Is your smart TV watching you?Posted: Updated:
It's probably America's favorite pastime, something author Harlan Ellison referred to as the glass teat. People love TV, and as technology improves, there's a race to get the latest and greatest set.
The smart TV, which has built-in apps similar to a smartphone, comes with a major flaw. It can be hacked.
The smart TV truly blurs the line between television and computer. Because they use a Wi-Fi connection, they can be a target for hackers. Once that's accomplished, hackers can use you to make money.
"It was access to Netflix that really sold us on it," smart TV owner Mark Cenicola said.
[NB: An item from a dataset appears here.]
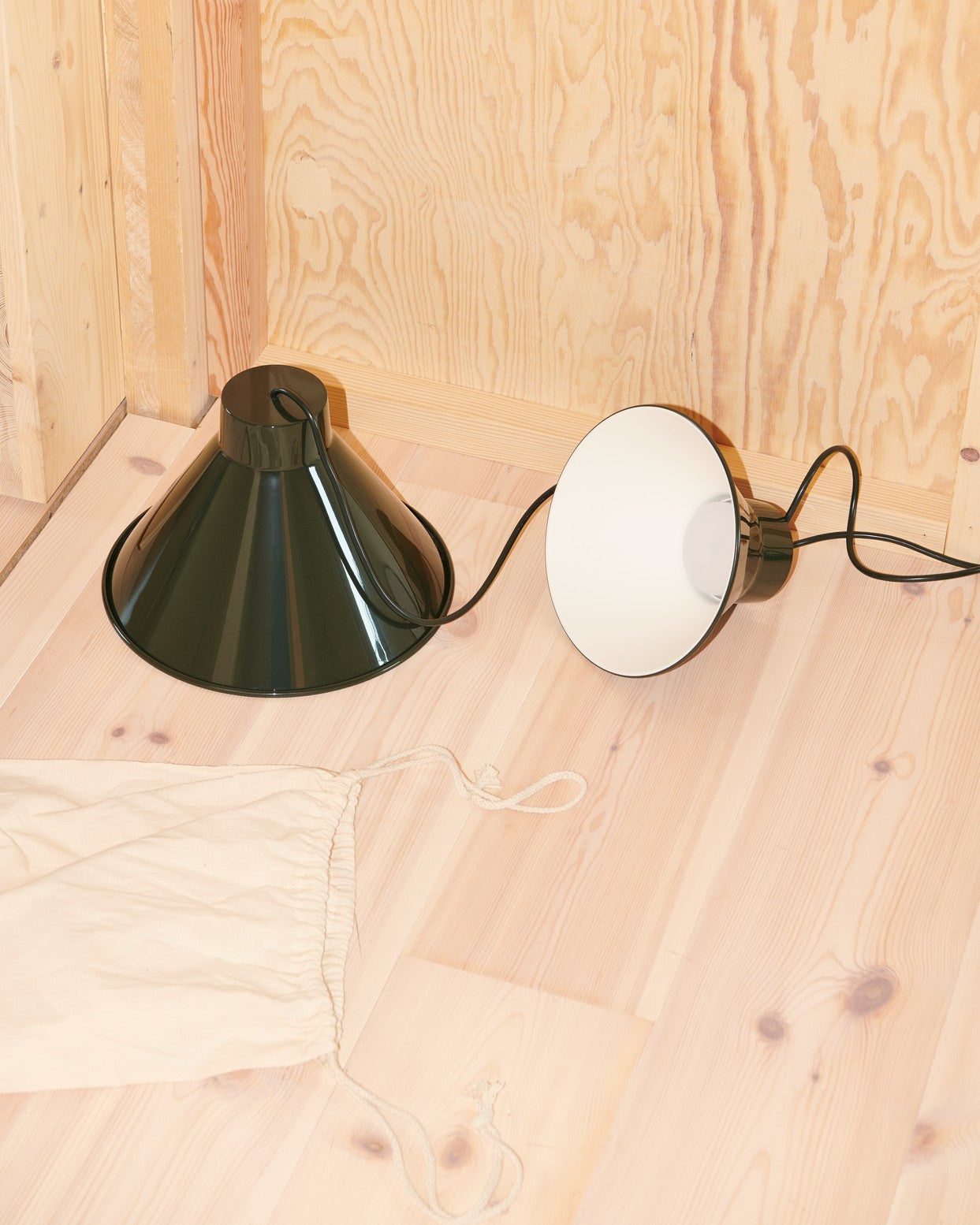 Závěsná lampa TOP tmavě zelená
Cenicola and his wife recently made the switch to a smart TV. They canceled their cable and rely exclusively on the internet for their favorite TV shows and movies.
"We'll watch a whole bunch of [a TV] series as opposed to having to wait one week after another," Cenicola said.
Connecting his TV to the internet has left Cenicola vulnerable to hackers.
"It's a device. It's digital. It's able to be hacked," said computer forensics expert Leon Mare.
Mare's 30 years of IT experience has helped law enforcement at the local and federal levels. He said because smart TVs are so new, they're actually quite easy for hackers to break into.
Mare said another reason for the ease in hacking is because smart TV manufacturers are typically more concerned with moving product than safeguarding it.
"The main concentration of vendors and manufacturers is to let the product get out onto the market. That's where the money is. They don't see or think about people breaking into it," he said.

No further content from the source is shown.